"USA sind Garant für türkischen Wohlstand"
27. April 2019DW: Die USA möchten ihre Sanktionen gegen den Iran verschärfen. Das würde auch die Türkei treffen, denn Washington hat angekündigt, dass acht Länder - unter ihnen die Türkei - ab Mai nicht mehr ungestraft iranisches Öl importieren dürfen. Vorher gab es eine Ausnahmeregelung. Die türkische Regierung hat die Entscheidung bereits scharf kritisiert. Könnte das Import-Verbot die Spannungen zwischen Ankara und Washington weiter verschärfen?

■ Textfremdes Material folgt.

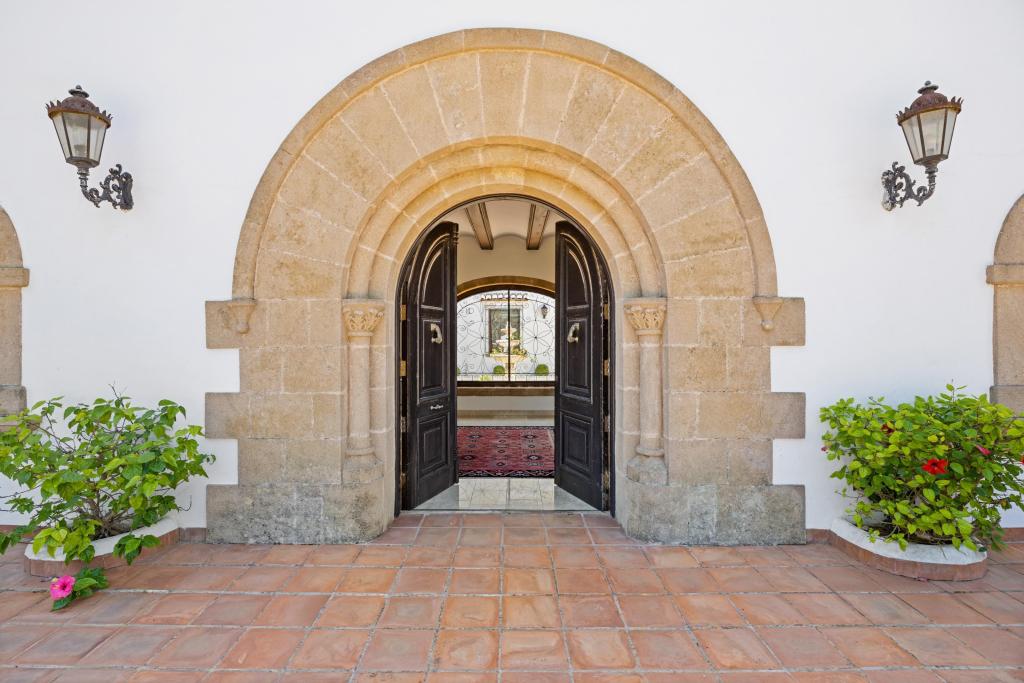 13 bed villas in Javea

Ian Lesser: Die Ausnahmeregelung zu beenden, das hat eigentlich nichts mit der Türkei zu tun. Die Sanktionen richten sich eindeutig gegen den Iran. Zurzeit legt die Trump-Administration eine härtere Gangart gegen den Iran ein. Doch die Sorge der Türkei ist verständlich, schließlich gibt es eine Vorgeschichte: Die Türkei erinnert sich daran, wie sehr es auch ihnen wirtschaftlich geschadet hat, als in letzten Jahrzehnten Sanktionen gegen den Irak, gegen den Iran oder gegen Russland erhoben wurden. Sanktionen als Instrument der Außenpolitik sind in der Türkei sehr unbeliebt.

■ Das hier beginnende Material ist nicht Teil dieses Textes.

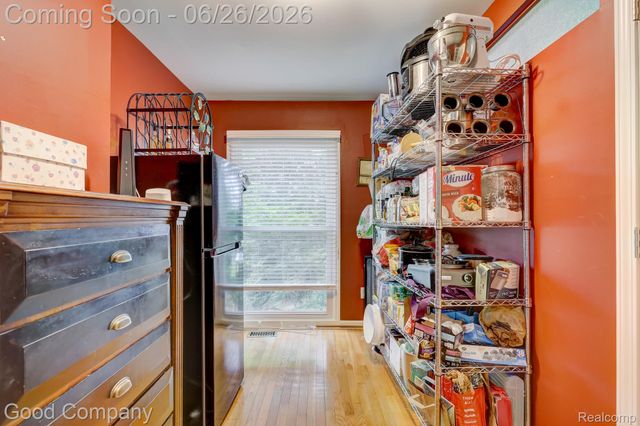 35868 Smithfield Court, Farmington, MI 48335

Auch die Türkei selber könnte ins Visier von US-Sanktionen geraten. Denn Ankara erwägt, das russische Raketenabwehrsystem S-400 zu kaufen und der amerikanischen Variante vorzuziehen.
Ich denke, das Hauptproblem ist ein Mangel an Vertrauen zwischen den beiden Ländern. Die Beziehungen zwischen Washington und der Türkei waren noch nie einfach. Das liegt daran, dass man zwei vollkommen unterschiedliche Sichtweisen auf die Welt hat, speziell im Mittleren Osten. Die Region hat für beide Länder hohes strategisches Interesse. Ob Irak, Russland, Iran oder Syrien - die USA sieht die Region durch die Linse der globalen Machtpolitik, die Türkei wiederum sieht sich als Regionalmacht. Aber so schlecht waren die Beziehungen wirklich noch nie. In den Medien, unter Analysten, im Pentagon, im gesamten politischen Washington sind die Meinungen zur türkischen Regierung sehr schlecht. Die Türkei hat momentan nicht viele Freunde in Washington.

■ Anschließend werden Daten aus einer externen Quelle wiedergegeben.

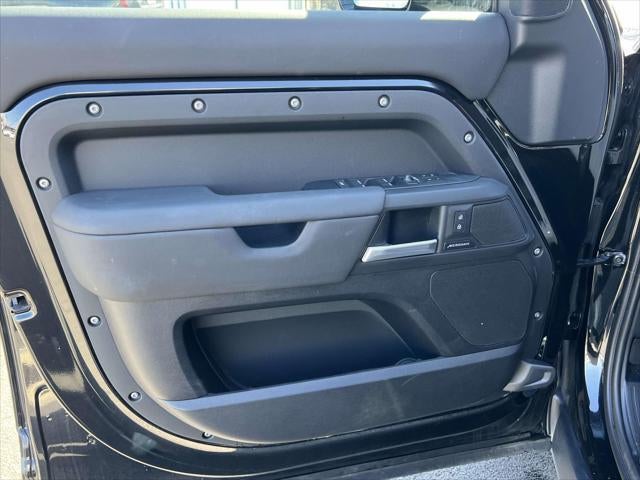 2025 Land Rover Defender S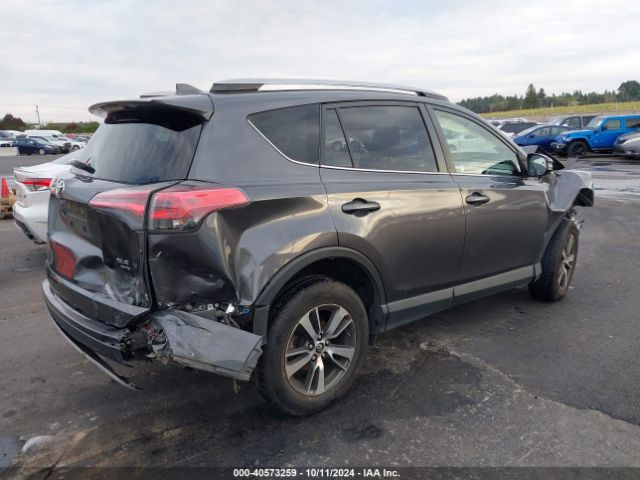 JTMRFREV8JJ214826 Toyota Rav4 Adventure/xle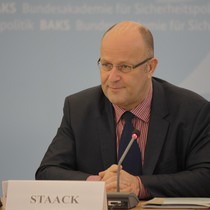 Professor Dr. Michael Staack von der Universität der Bundeswehr Hamburg in der Diskussion mit den Teilnehmern der Konferenz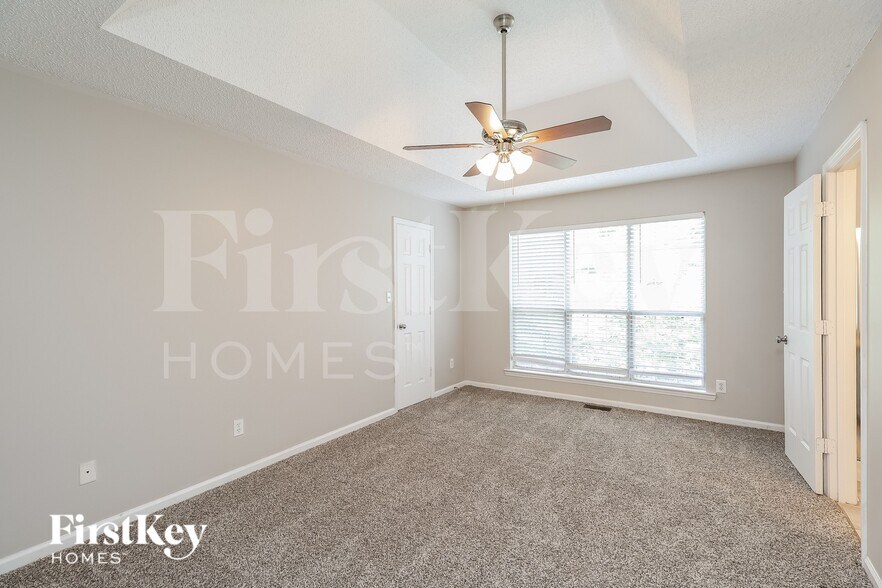 Building Photo - 7815 Pinetuck Ln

Während sich die Beziehungen zwischen der Türkei und ihren westlichen Partnern verschlechtert, nähert sich die türkische Regierung nicht-westlichen Akteuren an: nämlich Russland, China und dem Iran. Meinen Sie, dass diese Länder die traditionellen Partner der Türkei ersetzen können? Oder kann die Türkei sogar einen Alleingang wagen?
Dieses Phänomen ist keineswegs nur auf die Türkei begrenzt. Länder, die früher einmal in der internationalen Wirtschafts- und Sicherheitspolitik eingespannt waren, neigen jetzt dazu, Alleingänge zu unternehmen. Das ist keine gute Idee. Besonders für die Türkei ist das keine gute Idee, denn gerade dieses Land benötigt solche Verflechtungen. Sie braucht die wirtschaftliche Dynamik, die Stabilität, unabhängig von allen Meinungsverschiedenheiten. Die USA sind ein Garant für den türkischen Wohlstand und ein Stabilisator, auch in Zeiten, in denen es Spannungen gibt. Man denke an den Internationalen Währungsfond, der die Türkei aus der Wirtschaftskrise heraus manövrieren könnte.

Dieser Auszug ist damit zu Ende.